Enforcement context and risk implications

No public enforcement cases were provided for this specific withdrawn requirement in the source catalog, so treat risk here as assessment and contractual risk rather than a direct “violation” event.

Practical risk you should plan for:

• Assessment friction: assessors spend time reconciling mismatched control lists and may question program maturity.
• False assertions: if you claim compliance to “all requirements” but your documents reference withdrawn items incorrectly, customers may challenge the accuracy of your representations.
• Operational waste: teams spend time running tests and collecting evidence that does not support current requirements.

Practical execution plan (30/60/90-day)

A staged plan helps you get clean quickly without turning this into a documentation marathon.

First 30 days (Immediate cleanup)

• Inventory all references to 03.13.02 across SSP, policies, control register, POA&M, and evidence library.
• Add a formal “Withdrawn” disposition entry in the control register with citation to Rev. 3. (NIST SP 800-171 Rev. 3)
• Stop any recurring evidence requests tied only to 03.13.02.

By 60 days (Program alignment)

• Complete remapping of any legacy “03.13.02” activities to active requirements or internal controls.
• Update SSP text and remove/mark the requirement as withdrawn consistently across all SSP sections. (NIST SP 800-171 Rev. 3)
• Update internal audit scripts and readiness checklists so testing aligns to Rev. 3.

By 90 days (Sustainment)

• Update third-party templates (questionnaires, contract exhibits) to remove 03.13.02 references.
• Implement a “framework delta review” procedure so withdrawn/superseded items get dispositioned systematically. (NIST SP 800-171 Rev. 3)
• In Daydream (or your GRC system), attach the finalized artifacts and set a recurring control mapping review task tied to NIST SP 800-171 updates.

Frequently Asked Questions

What does “03.13.02: withdrawn requirement” mean for my compliance obligations?

It means NIST SP 800-171 Rev. 3 does not require a standalone control for 03.13.02. Your obligation is to reflect the withdrawal in your SSP, mappings, and evidence approach so your program matches Rev. 3. (NIST SP 800-171 Rev. 3)

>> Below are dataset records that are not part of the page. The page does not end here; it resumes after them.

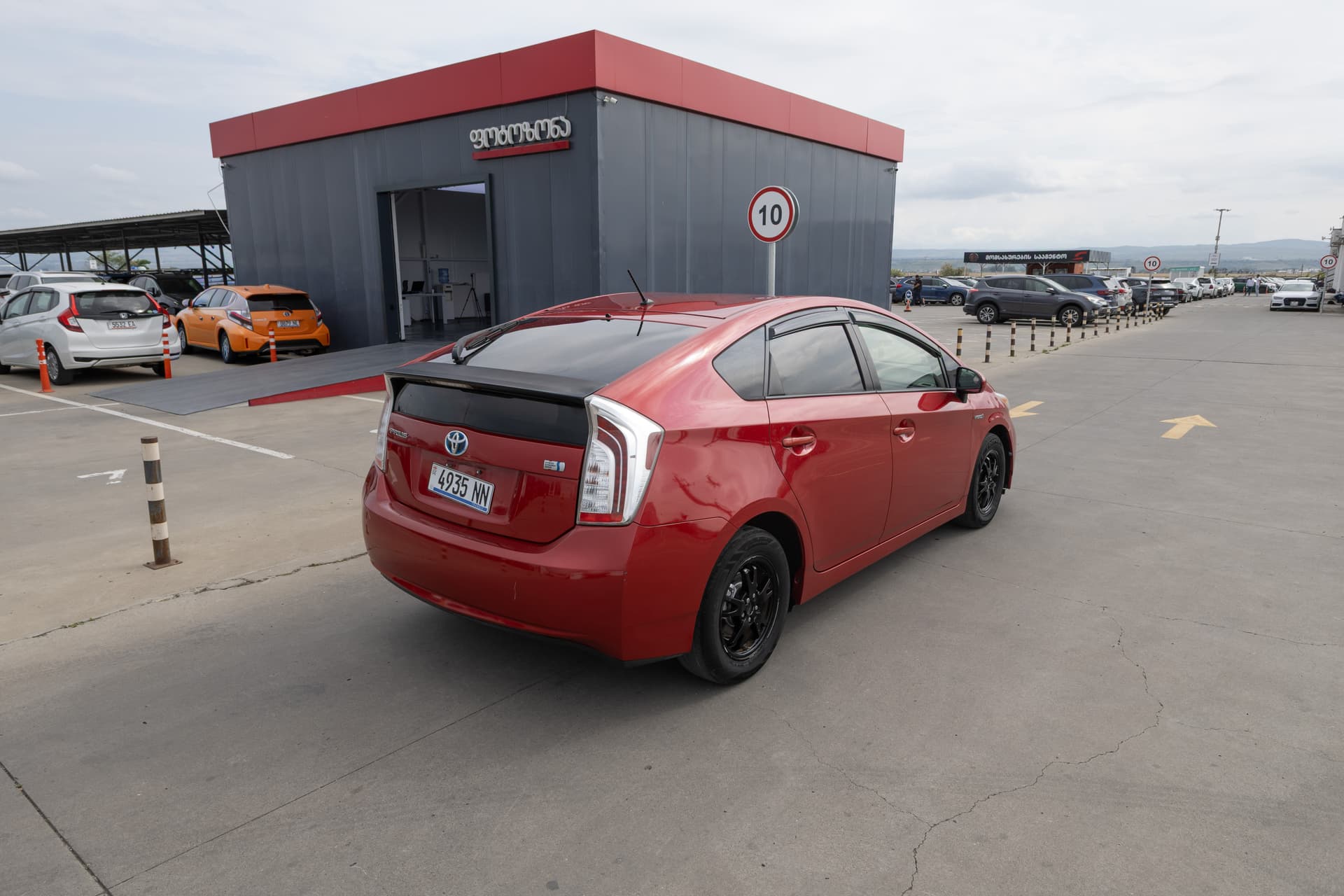 TOYOTA Prius 2013 - 4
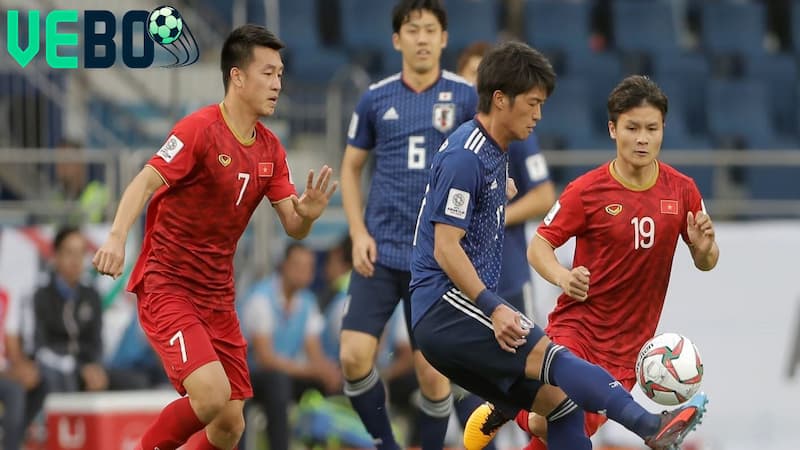 Soi kèo Nhật Bản vs Việt Nam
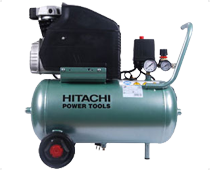 Hitachi EC 68 Air Compressor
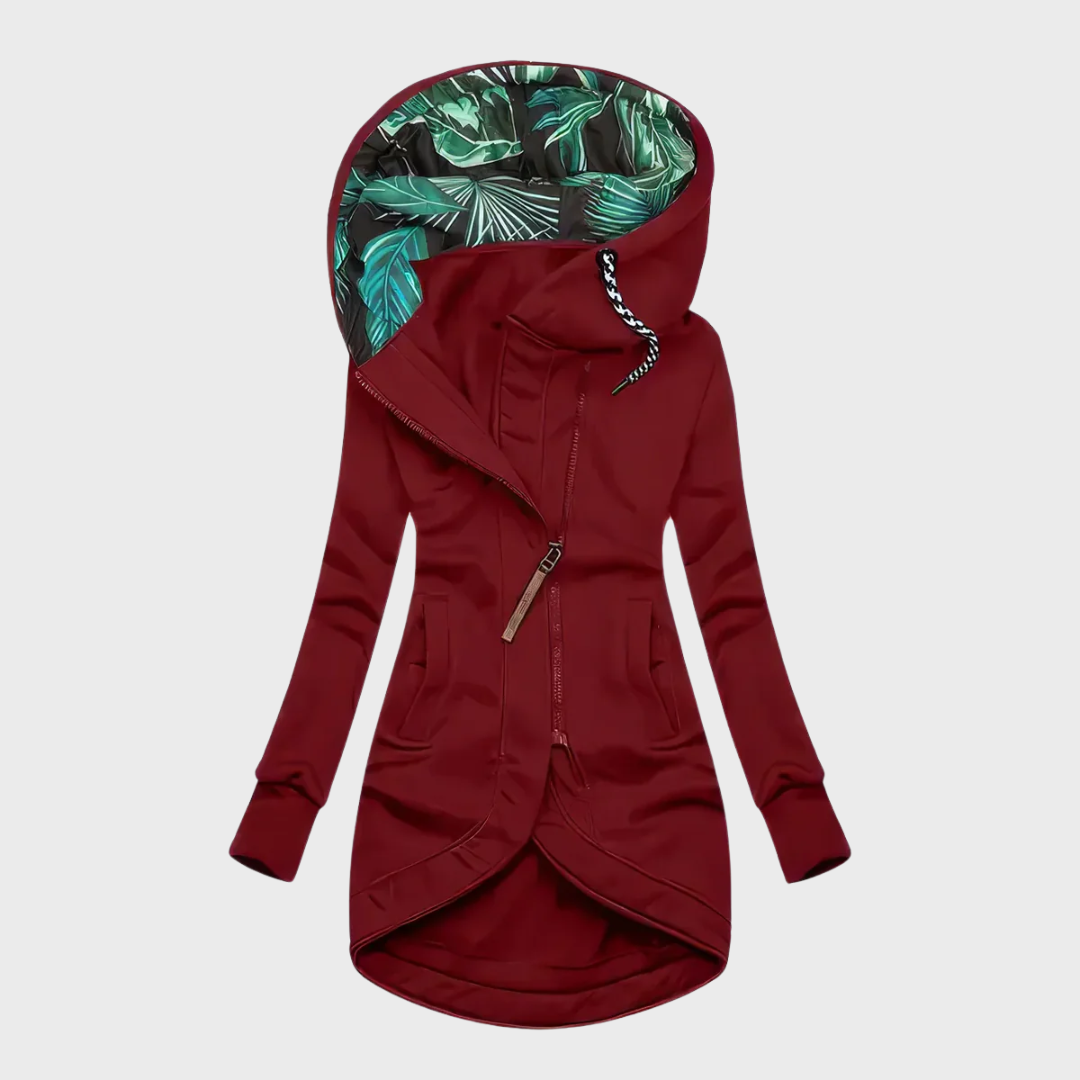 AVELINE | Elegant and Warm Winter Coat with Hood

Should we remove the security practice we previously associated with 03.13.02?

Not automatically. Keep the practice if it supports current objectives, but map it to the correct active requirement(s) or keep it as an internal control, not as “03.13.02.” (NIST SP 800-171 Rev. 3)

Auditors asked for evidence of 03.13.02. What do I show?

Provide your control register disposition (“Withdrawn”), an SSP excerpt showing it is not in scope, and your crosswalk update record. That package shows you handled the requirement intentionally. (NIST SP 800-171 Rev. 3)

Our customer contract references 03.13.02 explicitly. Are we stuck implementing it?

Treat it as a contractual interpretation issue: document that the requirement is withdrawn in Rev. 3 and propose updated language that references the applicable Rev. 3 requirement set. Track the decision and customer response in your contract file. (NIST SP 800-171 Rev. 3)

How should this appear in our SSP?

Your SSP should not present 03.13.02 as an implemented control. If your template requires an entry, label it “Withdrawn (Rev. 3)” with a one-line explanation and no test procedure. (NIST SP 800-171 Rev. 3)

What’s the biggest operational risk with withdrawn requirements?

Conflicting artifacts. If your SSP, POA&M, and evidence binder disagree about what’s required, assessors spend time reconciling your story, and stakeholders question your version control discipline.